VIVA – Beredarnya rekaman percakapan Menteri BUMN Rini Soemarno dengan Dirut PLN Sofyan Basir yang diduga terkait pembagian fee proyek LNG di Banten, dinilai bakal merugikan pemerintahan Presiden Joko Widodo.
Presiden Jokowi bukan hanya diminta harus mengklarifikasi pembicaraan Rini-Sofyan, tapi juga harus berani memberi sanksi tegas jika Rini-Sofyan terbukti berusaha mencari keuntungan pribadi dari proyek tersebut.
Pengamat politik dari Universitas Muhammadiyah Malang, Wahyudi Winarjo mengatakan, Rini-Sofyan tidak patut membicarakan proyek, terlebih ada dugaan pembagian fee, melalui sambungan telepon dan personal.

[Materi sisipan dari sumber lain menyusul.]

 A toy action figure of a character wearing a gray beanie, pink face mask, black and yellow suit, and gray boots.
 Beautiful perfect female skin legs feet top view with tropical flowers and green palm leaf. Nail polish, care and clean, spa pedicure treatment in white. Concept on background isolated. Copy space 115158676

Dia mendorong Jokowi mengevaluasi kinerja Rini dan menyampaikan hasil evaluasi itu kepada publik demi menjaga kepercayaan masyarakat pada pemerintah.
“Rini wajib diberi sanksi berat, taruhlah di-reshuffle atau ditegur langsung oleh presiden, tentu dengan tidak menggugurkan upaya penegakan hukum,” kata Wahyudi dalam keterangan tertulisnya, Minggu 6 Mei 2018.
Terkait penegakan hukum, Pasal 25 UU Tipikor UU 31/1999 menyatakan bahwa penyidikan, penuntutan, dan pemeriksaan perkara korupsi harus didahulukan dari perkara lain.
Ketua KPK Agus Rahardjo mengatakan, pihaknya sedang mencari kejelasan terkait pembicaraan dalam rekaman itu. Ada dua hal yang harus didalami KPK, apakah pembicaraan itu membahas pembagian fee, atau pembagian saham.
Presiden Jokowi belum menyikapi tegas karena menunggu klarifikasi Rini-Sofyan. Sementara, Rini membantah pembicaraan itu terkait fee meski di dalam percakapan disebut nama Ari Soemarno dan Ongky Soemarno.
“Jika pembicaraannya bagi-bagi fee, tentu merugikan citra kabinet serta citra presiden,” ujar Wahyudi.
Selain tersandung kasus rekaman yang diduga pembagian fee proyek LNG di Banten dan indikasi terjadinya kolusi bersama Ari Soemarno dan Ongky Soemarno, kinerja Rini memimpin BUMN juga disorot karena perombakan direksi Pertamina dan Garuda Indonesia.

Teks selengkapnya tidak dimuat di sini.